(Data shown begins)

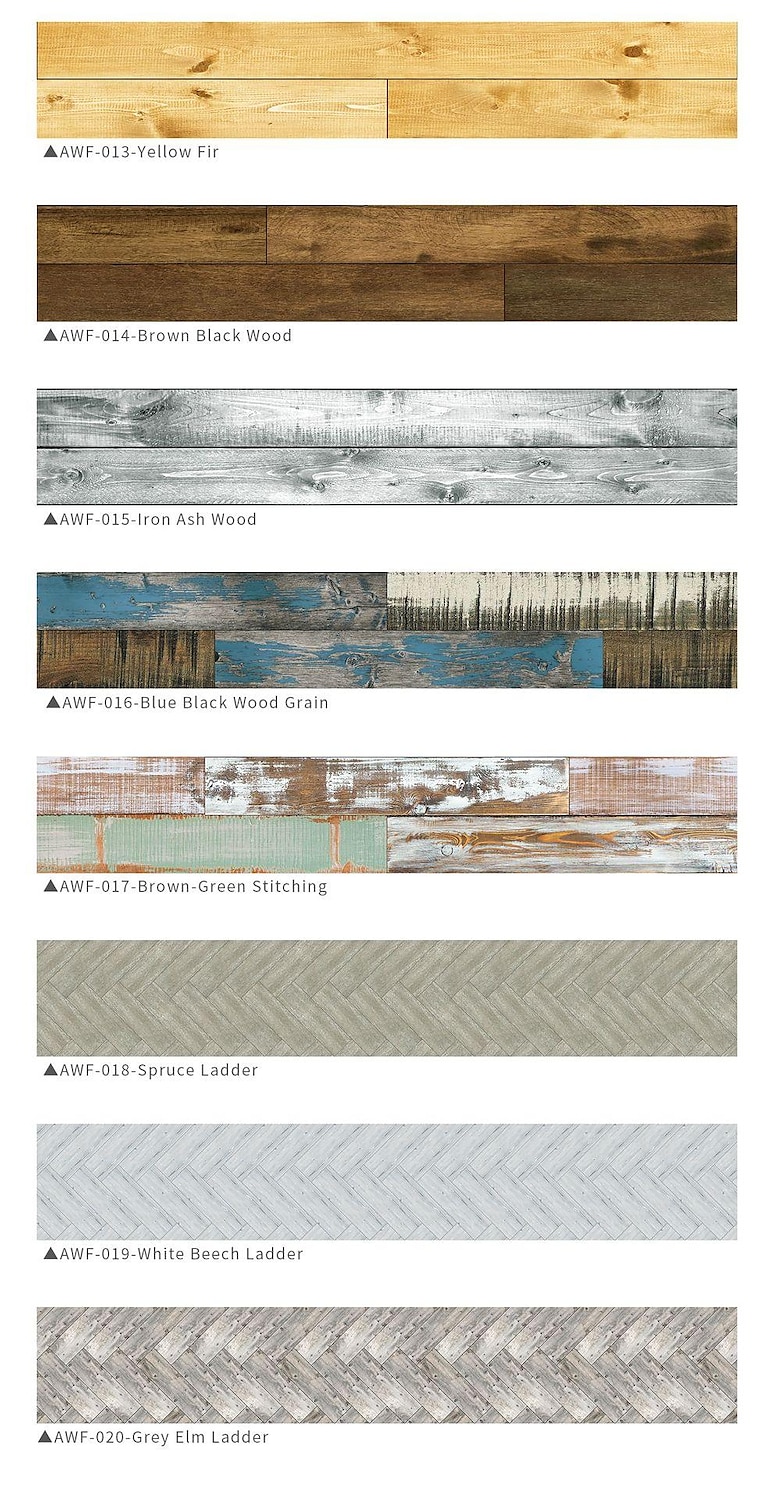 carta da parati per pavimenti in legno adesivo da parete buccia e bastone pvc autoadesivo per decorazioni per la casa casa soggiorno camera da letto adesivi per rinnovamento piastrelle pavimento impermeabile 15x90cm / 6''x35.4'' del 2025 a $7.99 –P3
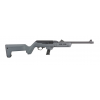 RUGER PC Carbine Takedown 9mm 16.1" 10rd Semi-Auto Rifle w/ Threaded Barrel - Grey / Black image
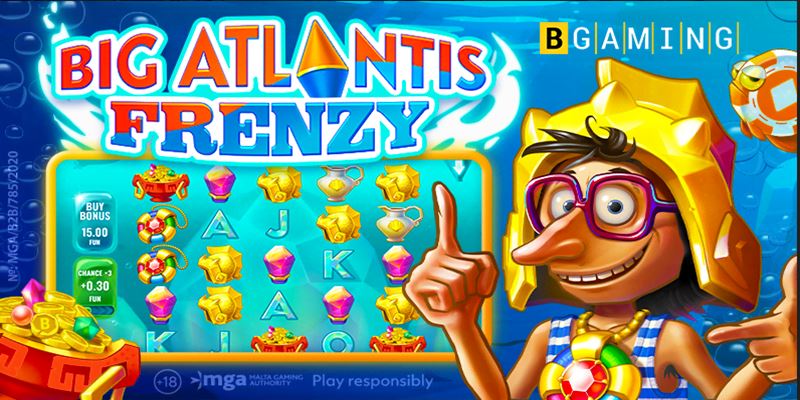 Big Atlantics Frenzy Spielautomat 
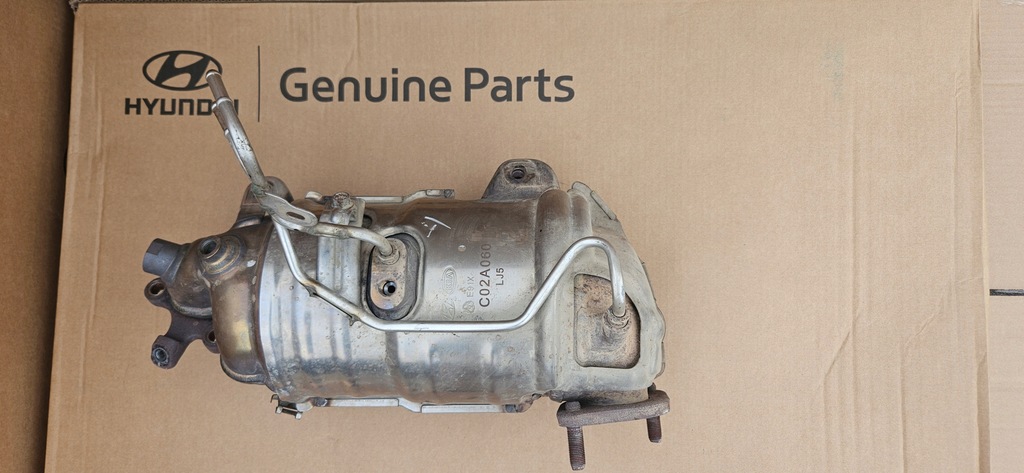 фото №1, Фільтр dpf hyundai tucson kia sportage iv 1,7 crdi c02a060 2017 rok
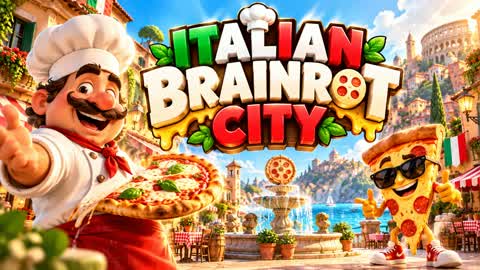 🍝 ITALIAN BRAINROT CITY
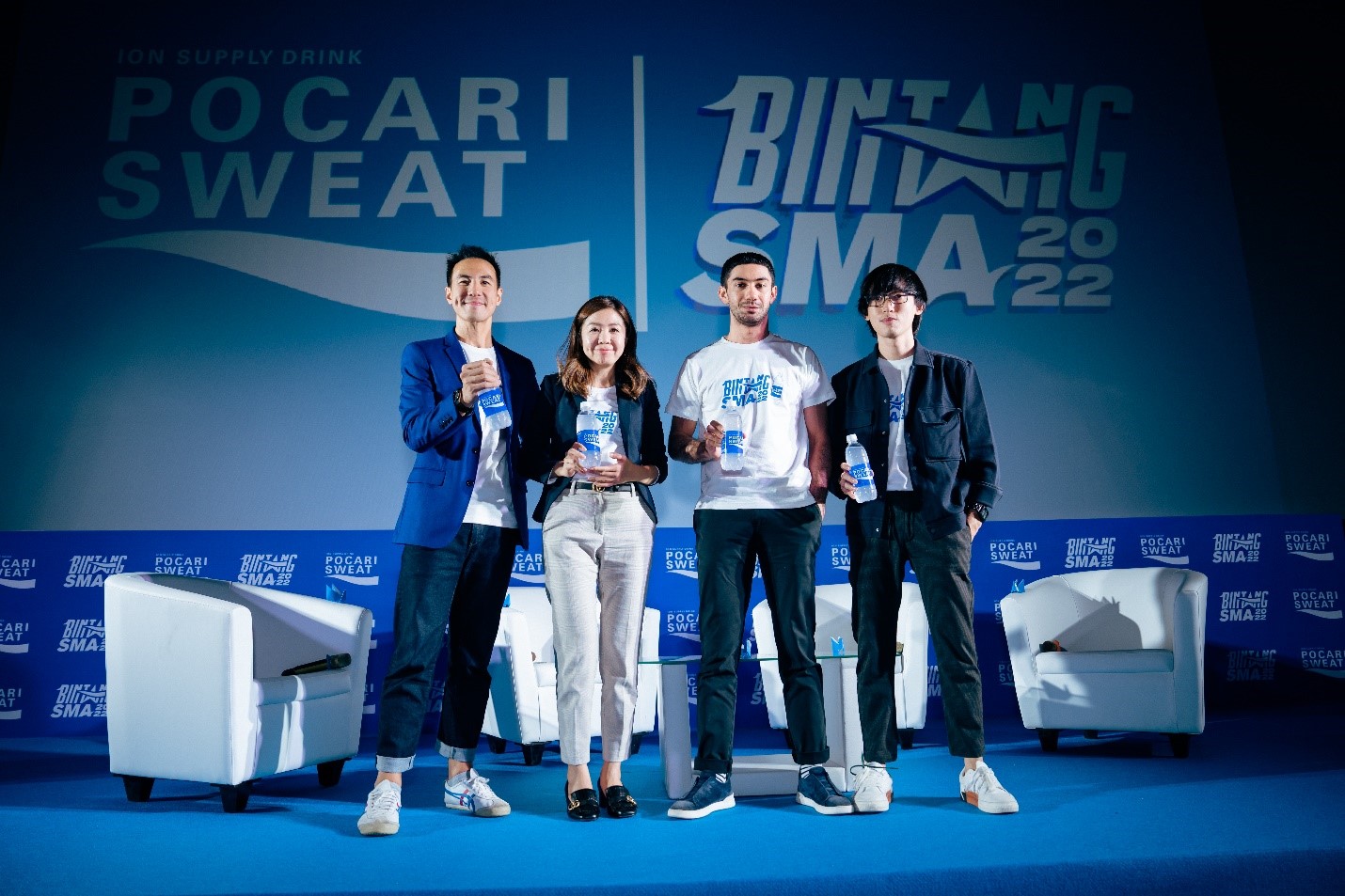 Pocari Sweat Bintang SMA Diharapkan Jadi Inspirasi Positif
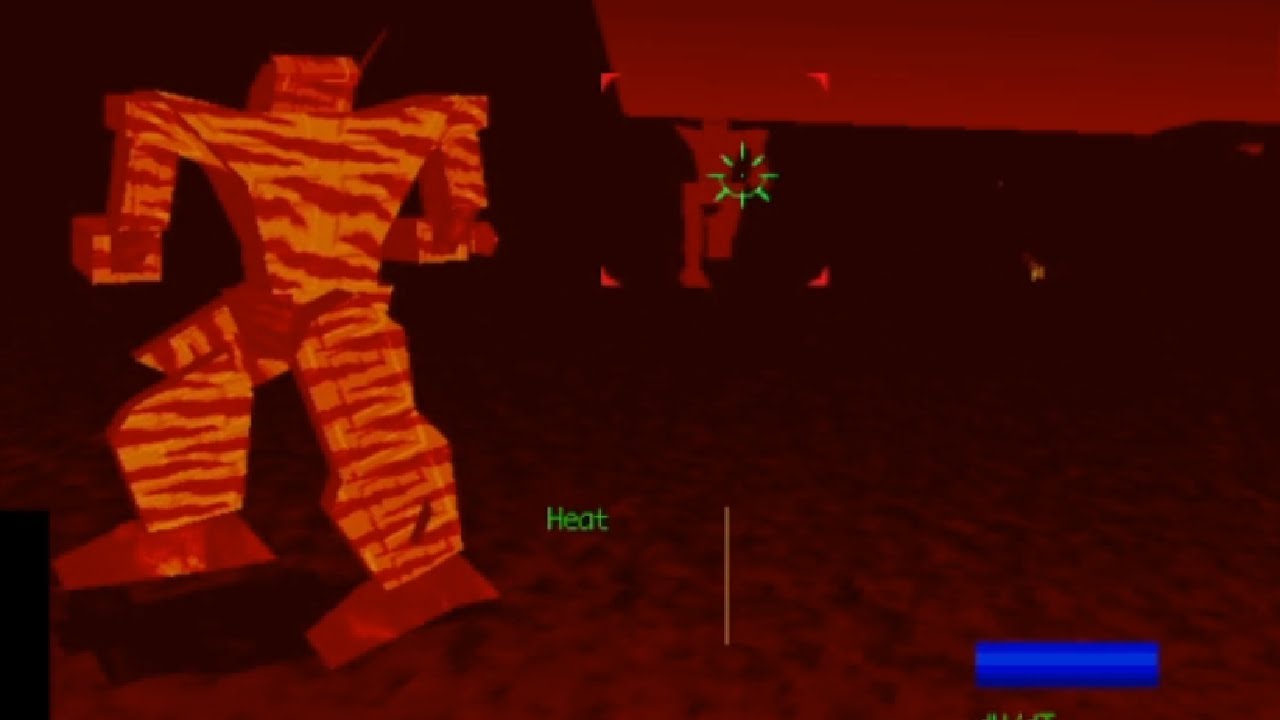 Испытание на реактивном ранце в Mechwarrior 2: Mercenaries, часть 6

(Data shown ends)

Problem statement -> Leave the pictures out and restate exactly the lines from the one that has "Pocari Sweat Bintang" through the final line of the entries above, both ends included.

Answer to this problem ->
 Pocari Sweat Bintang SMA Diharapkan Jadi Inspirasi Positif
 Испытание на реактивном ранце в Mechwarrior 2: Mercenaries, часть 6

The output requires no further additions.